The flipped classroom model is a great way to differentiate for your students, provide quick formative assessment feedback, and allow more time in your classroom for higher-level thinking activities.
To help me in making my “flip” easier I came up with the acronym FIRE: Format, Interact, Reflect, and Extend. By following these four easy steps it made flipping my class a lot easier.
In the first part of this series, I explain why my students like the flipped classroom model and how to choose the format. In the second part of the flipped classroom model series, I discussed the importance of having students interact and engage with the flipped lesson. In the third part of the flipped classroom model series, I go over having students reflect on their learning. Now let’s discuss the best part of the flipped classroom model which is the activities you will do with students in class.
Step 4: Extend
The whole reason for the flip is for students to learn the basics at home so they can apply and practice in the content in the classroom with the support and help of you and their peers. The possibilities of what you can do on the day after a flip are endless. I like to use this as a perfect opportunity to differentiate my teaching. I use the data from the quiz I do as a reflection to put my students into two groups. Group A is for students that demonstrate they have a basic understanding of the topic. Station B is for students that demonstrate they are still unclear of the basic information and need some more practice and clarification on the key parts. Here are some different ideas for what to do with each group.
– Online investigation
– mini-experiment or hands-on activity
– real-world application like a science article
– mini project
– Guided reading of short summary
– Interactive notebook flip pages
– Second video that you take them through and discuss
One thing to keep in mind is to never reteach the lesson to the class the next day. If you have students that did not do the assignment then the first thing they need to do when they enter your class is the flip assignment. If you reteach the lesson to the class because students didn’t watch the video you are telling the students it’s okay to not watch the video since the information will be taught in class the next day. This rewards those for not watching the video and eventually, no one will watch.

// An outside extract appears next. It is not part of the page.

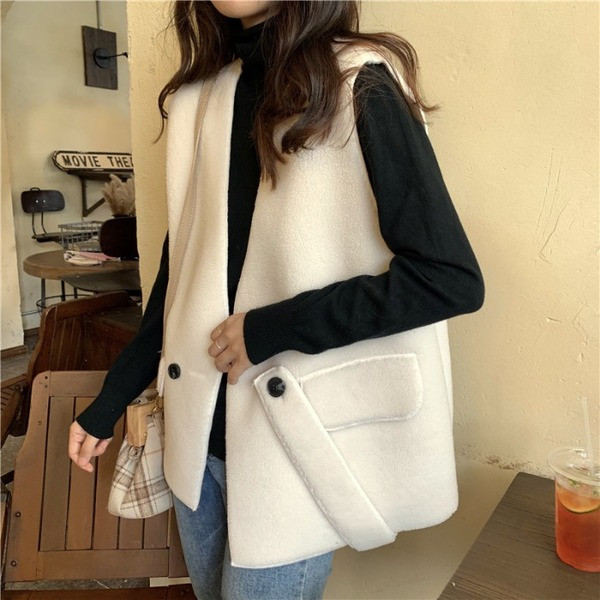 Pehme naiste vesti lai V-kaelusega mudel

The first time I did the flip for a homework assignment I only had 25% of the students do the assignment. Instead of getting upset, I had to do some reflection on myself to see what did I do that resulted in this low percent. When the students came in the next day I had them fill out a survey. I discovered that 30% of them forgot, 30% of them discovered that their internet connection was not good, and 30% didn’t want to do it. We talked about the importance again and the options for what to do if you can’t watch the videos at home. I then had the 75% that didn’t watch the video do the flip lesson in class and the 25% that did watch went on to the activity I already prepared for that day. On the next flip only 20% didn’t watch. As the students got used to this new method of teaching and started to see the benefits I had fewer students not doing their assignments.